■ **Listed records**
★ ★ ★ ★ ★

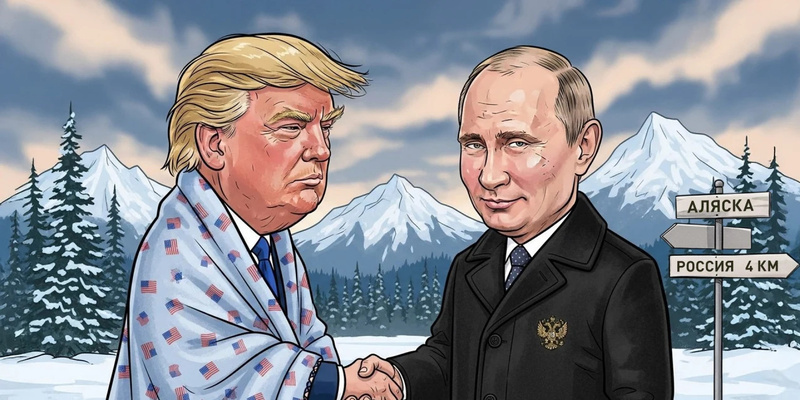 Весёлые картинки про саммит на Аляске, Путина и Трампа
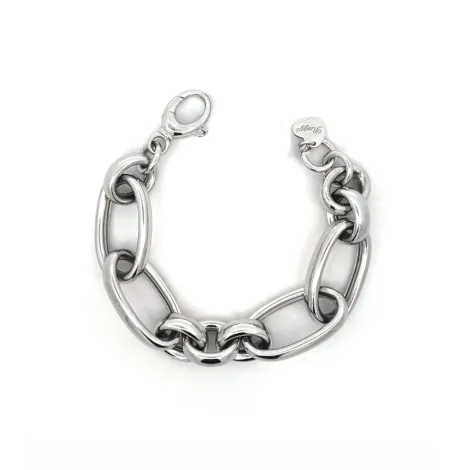 Bracciale Catena Maglia Ovale Argento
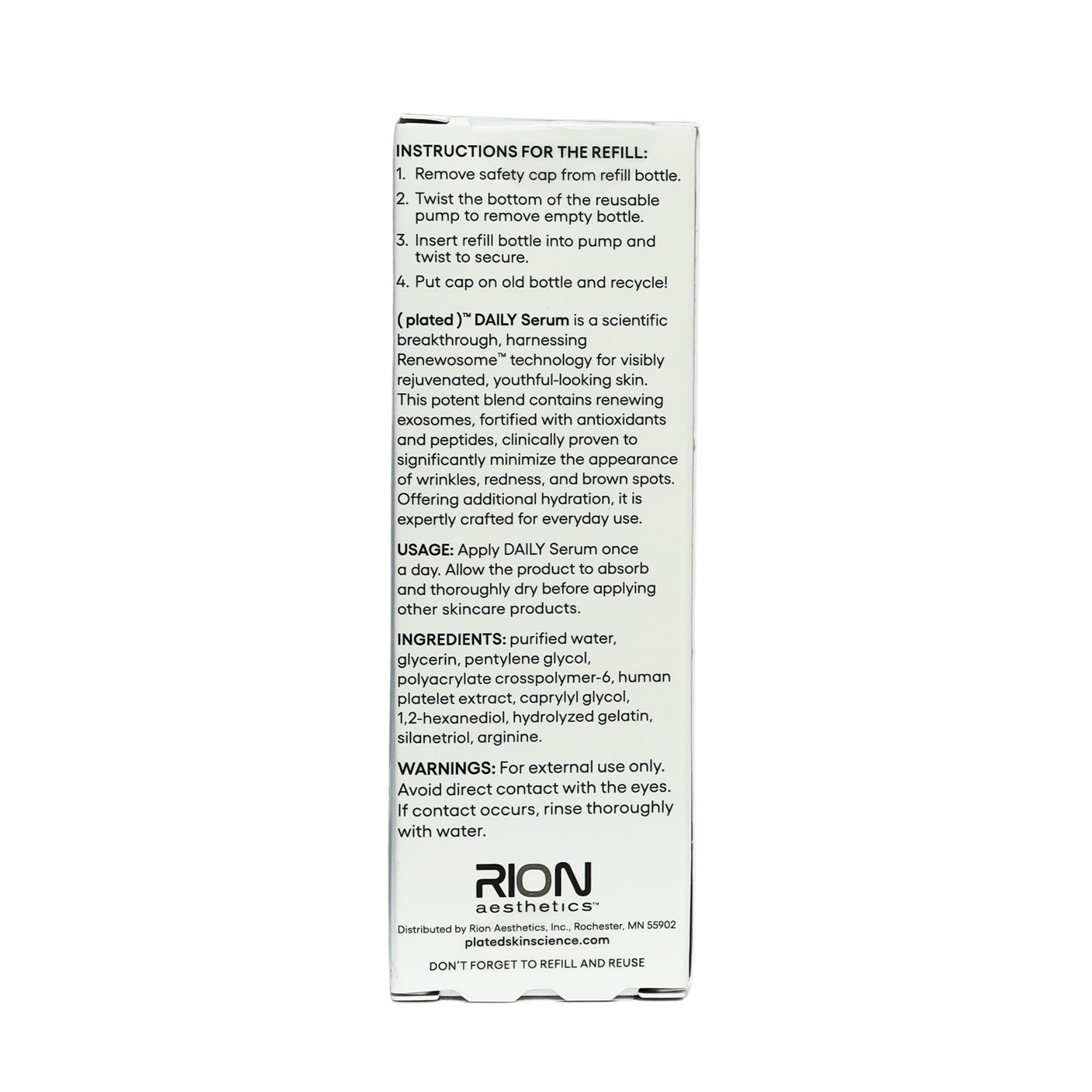 Plated Skin Science DAILY Serum Refill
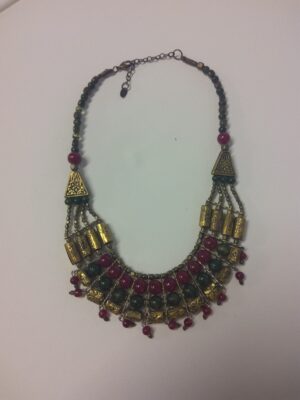 Vintage Tibetan Boho Red And Green Brass Handmade Necklace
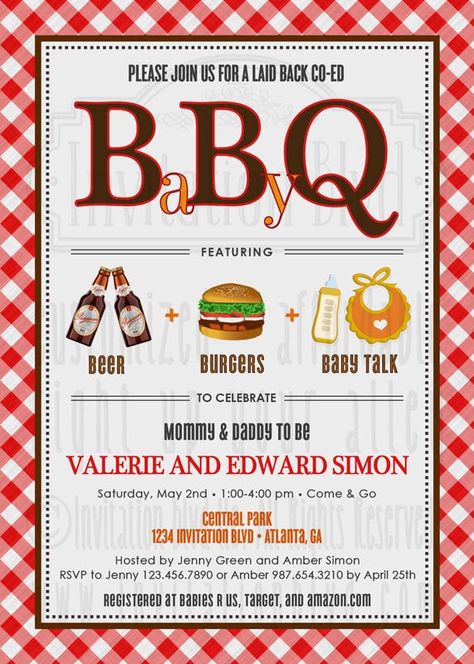 Dadchelor Party, Babyque Shower, Barbecue Baby Shower, Baby Q Invitations, Coed Baby Shower Invitations, Bbq Baby Shower, Baby Q Shower, Baby Shower Invitation Wording, Bebe Shower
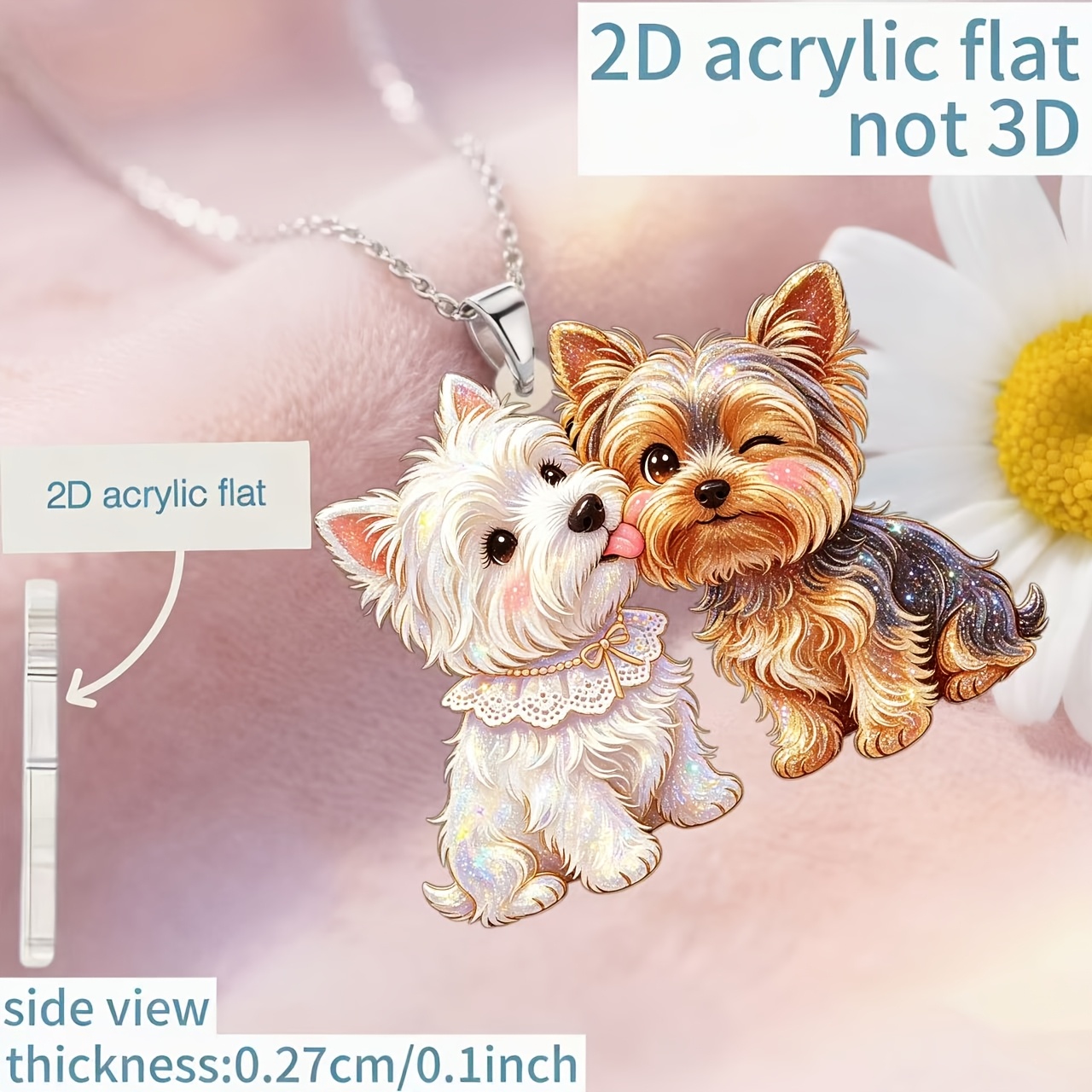 Women's Puppy Acrylic Necklace, Fashion Pendant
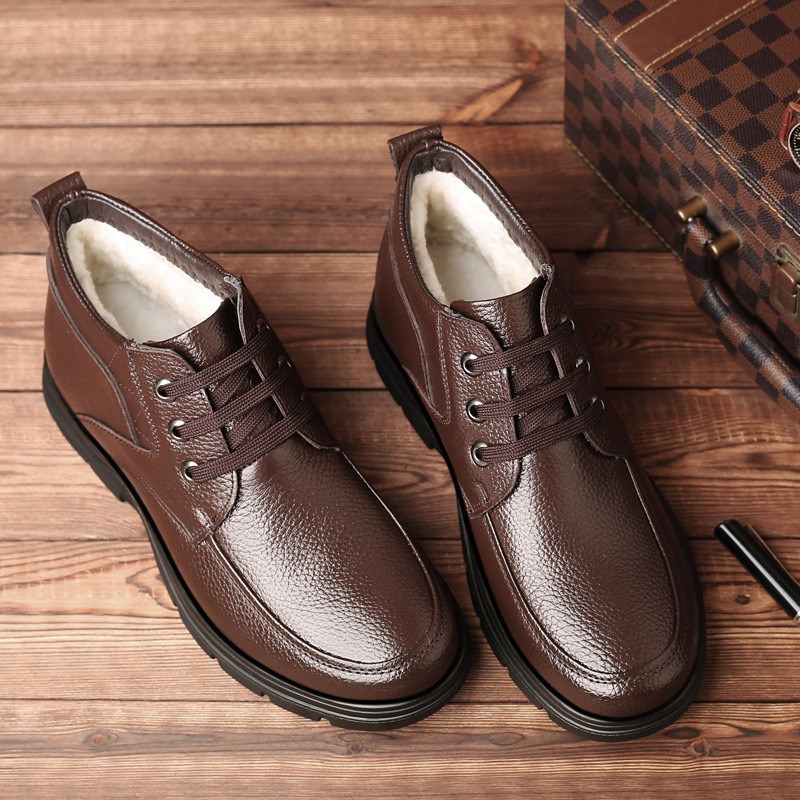 男士棉鞋男冬季保暖加绒棉皮鞋中年真皮2023冬季中老年爸爸鞋跨境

★ ★ ★ ★ ★

■ **Assignment**
Exclude all pictures and reproduce verbatim the lines running from the line that contains "Dadchelor Party, Babyque" to the end of the data above, both ends included.

■ **Exercise solution**
 Dadchelor Party, Babyque Shower, Barbecue Baby Shower, Baby Q Invitations, Coed Baby Shower Invitations, Bbq Baby Shower, Baby Q Shower, Baby Shower Invitation Wording, Bebe Shower
 Women's Puppy Acrylic Necklace, Fashion Pendant
 男士棉鞋男冬季保暖加绒棉皮鞋中年真皮2023冬季中老年爸爸鞋跨境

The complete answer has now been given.